Chang Kai-Lan, Cooper Owen R, Gaudel Audrey, Allaart Marc, Ancellet Gerard, Clark Hannah, Godin-Beekmann Sophie, Leblanc Thierry, Van Malderen Roeland, Nédélec Philippe, Petropavlovskikh Irina, Steinbrecht Wolfgang, Stübi René, Tarasick David W, Torres Carlos
Cooperative Institute for Research in Environmental Sciences University of Colorado Boulder CO USA.
NOAA Chemical Sciences Laboratory Boulder CO USA.
AGU Adv. 2022 Apr;3(2):e2021AV000542. doi: 10.1029/2021AV000542. Epub 2022 Mar 4.
This study quantifies the association between the COVID-19 economic downturn and 2020 tropospheric ozone anomalies above Europe and western North America, and their impact on long-term trends. Anomaly detection for an atmospheric time series is usually carried out by identifying potentially aberrant data points relative to climatological values. However, detecting ozone anomalies from sparsely sampled ozonesonde profiles (once per week at most sites) is challenging due to ozone's high temporal variability. We first demonstrate the challenges for summarizing regional trends based on independent time series from multiple nearby ozone profiling stations. We then propose a novel regional-scale anomaly detection framework based on generalized additive mixed models, which accounts for the sampling frequency and inherent data uncertainty associated with each vertical profile data set, measured by ozonesondes, lidar or commercial aircraft. This method produces a long-term monthly time series with high vertical resolution that reports ozone anomalies from the surface to the middle-stratosphere under a unified framework, which can be used to quantify the regional-scale ozone anomalies during the COVID-19 economic downturn. By incorporating extensive commercial aircraft data and frequently sampled ozonesonde profiles above Europe, we show that the complex interannual variability of ozone can be adequately captured by our modeling approach. The results show that free tropospheric ozone negative anomalies in 2020 are the most profound since the benchmark year of 1994 for both Europe and western North America, and positive trends over 1994-2019 are diminished in both regions by the 2020 anomalies.
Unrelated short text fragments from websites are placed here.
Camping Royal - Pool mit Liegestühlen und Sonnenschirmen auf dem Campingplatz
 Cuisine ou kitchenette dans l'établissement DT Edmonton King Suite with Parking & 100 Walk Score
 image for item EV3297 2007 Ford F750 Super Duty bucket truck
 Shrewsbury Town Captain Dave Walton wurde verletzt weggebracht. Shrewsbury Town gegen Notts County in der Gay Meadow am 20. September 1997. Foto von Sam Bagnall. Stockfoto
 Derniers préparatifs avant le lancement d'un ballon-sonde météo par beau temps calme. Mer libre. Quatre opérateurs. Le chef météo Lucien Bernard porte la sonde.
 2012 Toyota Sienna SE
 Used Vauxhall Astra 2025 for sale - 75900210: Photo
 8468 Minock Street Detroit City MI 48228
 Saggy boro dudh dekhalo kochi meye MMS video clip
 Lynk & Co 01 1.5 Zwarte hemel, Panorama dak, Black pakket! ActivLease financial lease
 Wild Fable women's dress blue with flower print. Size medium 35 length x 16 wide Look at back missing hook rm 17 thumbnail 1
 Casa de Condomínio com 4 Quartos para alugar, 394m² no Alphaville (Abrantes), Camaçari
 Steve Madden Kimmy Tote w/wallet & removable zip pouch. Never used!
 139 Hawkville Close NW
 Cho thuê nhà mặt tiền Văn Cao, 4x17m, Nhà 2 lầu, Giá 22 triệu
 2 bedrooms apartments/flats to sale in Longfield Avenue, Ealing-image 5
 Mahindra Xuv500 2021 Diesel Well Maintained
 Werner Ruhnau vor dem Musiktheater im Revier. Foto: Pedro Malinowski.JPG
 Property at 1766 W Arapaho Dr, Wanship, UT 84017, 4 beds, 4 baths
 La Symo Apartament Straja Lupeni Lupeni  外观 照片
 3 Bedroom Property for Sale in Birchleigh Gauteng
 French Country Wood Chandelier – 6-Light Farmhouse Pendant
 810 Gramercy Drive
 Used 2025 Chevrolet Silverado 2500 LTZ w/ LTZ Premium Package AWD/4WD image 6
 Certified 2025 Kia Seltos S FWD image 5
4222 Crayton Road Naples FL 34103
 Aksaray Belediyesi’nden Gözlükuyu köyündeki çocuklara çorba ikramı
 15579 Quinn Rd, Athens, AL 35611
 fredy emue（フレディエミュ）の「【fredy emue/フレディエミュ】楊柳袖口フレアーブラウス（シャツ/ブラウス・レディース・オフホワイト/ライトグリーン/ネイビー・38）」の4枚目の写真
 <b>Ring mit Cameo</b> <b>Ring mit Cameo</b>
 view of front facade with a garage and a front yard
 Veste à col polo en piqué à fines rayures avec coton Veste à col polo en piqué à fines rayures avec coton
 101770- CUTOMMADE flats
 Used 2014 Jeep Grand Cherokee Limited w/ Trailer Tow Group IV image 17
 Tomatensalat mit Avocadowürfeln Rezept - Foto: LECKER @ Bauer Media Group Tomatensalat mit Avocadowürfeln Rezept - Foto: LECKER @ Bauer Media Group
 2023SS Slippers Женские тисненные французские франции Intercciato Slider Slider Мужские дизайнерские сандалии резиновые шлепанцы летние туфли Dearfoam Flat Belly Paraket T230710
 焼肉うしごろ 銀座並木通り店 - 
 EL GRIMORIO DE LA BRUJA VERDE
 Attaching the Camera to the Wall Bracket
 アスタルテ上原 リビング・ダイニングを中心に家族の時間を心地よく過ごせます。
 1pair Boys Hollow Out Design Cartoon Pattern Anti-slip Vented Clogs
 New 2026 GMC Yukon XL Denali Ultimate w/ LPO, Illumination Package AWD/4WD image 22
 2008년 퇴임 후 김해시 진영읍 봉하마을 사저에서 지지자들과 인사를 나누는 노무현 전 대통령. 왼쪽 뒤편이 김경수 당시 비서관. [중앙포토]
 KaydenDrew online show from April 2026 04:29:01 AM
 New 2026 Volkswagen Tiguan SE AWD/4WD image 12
本研究量化了2019冠状病毒病(COVID-19)经济衰退与欧洲及北美西部上空2020年对流层臭氧异常之间的关联,以及它们对长期趋势的影响。大气时间序列的异常检测通常是通过识别相对于气候学值的潜在异常数据点来进行的。然而,由于臭氧的高时间变异性,从稀疏采样的臭氧探空仪剖面(大多数站点每周最多一次)中检测臭氧异常具有挑战性。我们首先展示了基于多个附近臭氧探测站的独立时间序列总结区域趋势所面临的挑战。然后,我们提出了一种基于广义相加混合模型的新型区域尺度异常检测框架,该框架考虑了与每个垂直剖面数据集相关的采样频率和固有数据不确定性,这些数据集由臭氧探空仪、激光雷达或商用飞机测量。该方法产生了一个具有高垂直分辨率的长期月度时间序列,在统一框架下报告从地表到平流层中部的臭氧异常,可用于量化COVID-19经济衰退期间的区域尺度臭氧异常。通过纳入欧洲上空广泛的商用飞机数据和频繁采样的臭氧探空仪剖面,我们表明我们的建模方法能够充分捕捉臭氧复杂的年际变异性。结果表明,2020年自由对流层臭氧负异常是欧洲和北美西部自1994年基准年以来最显著的,并且2020年的异常使这两个地区在1994 - 2019年期间的正趋势减弱。